Ein Jahr Krieg in Nahost – ein Jahr Kampf um die Köpfe

Wie die propalästinensische Gruppe Handala in Leipzig agiert

  Ein Jahr Krieg in Nahost – ein Jahr Kampf um die Köpfe | Wie die propalästinensische Gruppe Handala in Leipzig agiert  Foto: kreuzer

Mit dem dem Überfall der Hamas auf Israel am 7. Oktober 2023 begann ein verheerender Krieg im Nahen Osten, dessen Ende und Ausmaß bisher noch nicht abzusehen sind. Seitdem gibt es auch hier eine politische Auseinandersetzung in linken Milieus um die Positionierung und die Deutungshoheit zum Krieg. In Leipzig gilt die propalästinensische Gruppe Handala als eine der umtriebigsten Akteurinnen. Wir blicken auf deren Agieren im letzten Jahr.

Am 7. Oktober 2024 jährte sich der Überfall der Hamas auf Israel. Neben israelsolidarischen Demonstrationen mobilisierten auch propalästinensische Gruppen auf den Straßen Leipzigs unter dem Motto  »76 Jahre Besatzung. 76 Jahre Widerstand. Freiheit für Palästina!«, darunter die Gruppe Handala.

Handala – benannt nach der Comicfigur des palästinensischen Zeichners Naji Salim Hussain Al-Ali – trat 2021 das erste Mal mit einer Einladung zum gemeinsamen Fastenbrechen in Leipzig in Erscheinung. Laut eigener Aussage setzt sich die Gruppe aus »Palästinenser:innen in der Diaspora und Palästinasolidarischen« zusammen. Ein knappes Jahr später folgte die erste Demonstration. Handala bedankte sich damals unter anderem bei der stalinistischen Kleinstpartei MLPD für deren Teilnahme.

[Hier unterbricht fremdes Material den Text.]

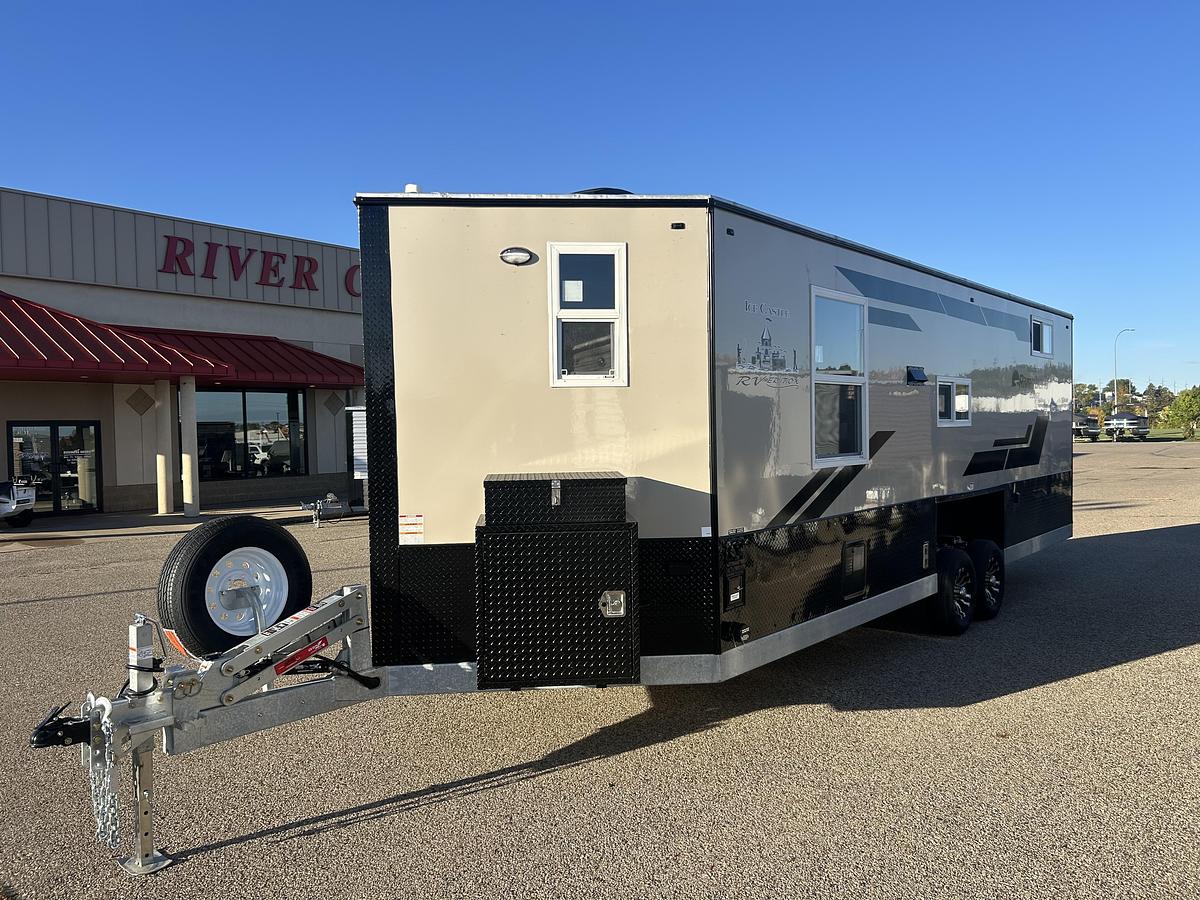 2027 Ice Castle Fish Houses 8' X 24V Missouri Riverbend Lodge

Machtübernahme der Taliban in Afghanistan als »antiimperialistischer Sieg« gefeiert

Bis Oktober 2023 fiel Handala eher durch unregelmäßige, anlassbezogene Demos und Veranstaltungen auf – zwischen Gründung 2021 und Beginn des Krieges 2023 lediglich fünf. Seit Oktober vergangenen Jahres fanden 24 Kundgebungen und Demonstrationen statt, meist mit ungefähr 1.000 Teilnehmenden. Hinzu kamen Workshops, Lesungen, Filmvorführungen und öffentlichkeitswirksame Aktionen sowie zunehmend radikalere Statements und Forderungen. In einem Instagram-Post der Gruppe vom 17. Oktober 2023 heißt es: »Die israelischen Minister sprechen es aus: Ein Genozid findet in Gaza statt!«, was selbst die allerrechtesten Politiker im Kabinett des israelischen Ministerpräsidenten Benjamin Netanjahu  nie gesagt haben.

Zu diesem Zeitpunkt bereits sehr auffällig ist die Nähe zur sogenannten Kommunistischen Organisation (KO), einer überschaubaren Leipziger Gruppe mit stalinistischer Ausrichtung und viel Sympathie für islamistische Personen und Verbände. Ein mittlerweile gelöschter Post im Telegram-Kanal der KO von 2021 feierte die Machtübernahme der Taliban in Afghanistan als »antiimperialistischen Sieg«. Der verstorbene Führer der islamistischen Miliz Hisbollah, Hassan Nasrallah, wird auf der Instagramseite der KO unumwunden und unkritisch als Ikone des bewaffneten Kampfes gegen Israel gefeiert.

In einem Redebeitrag der KO am 22. September während einer Handala-Demo bejubelte die Gruppe zudem den Einschlag einer Rakete in Tel Aviv, die die vom Iran gesteuerten Houthi-Milizen aus dem Jemen abgefeuert hatten. Zugleich versprach man den »Untergang des Systems Israel«.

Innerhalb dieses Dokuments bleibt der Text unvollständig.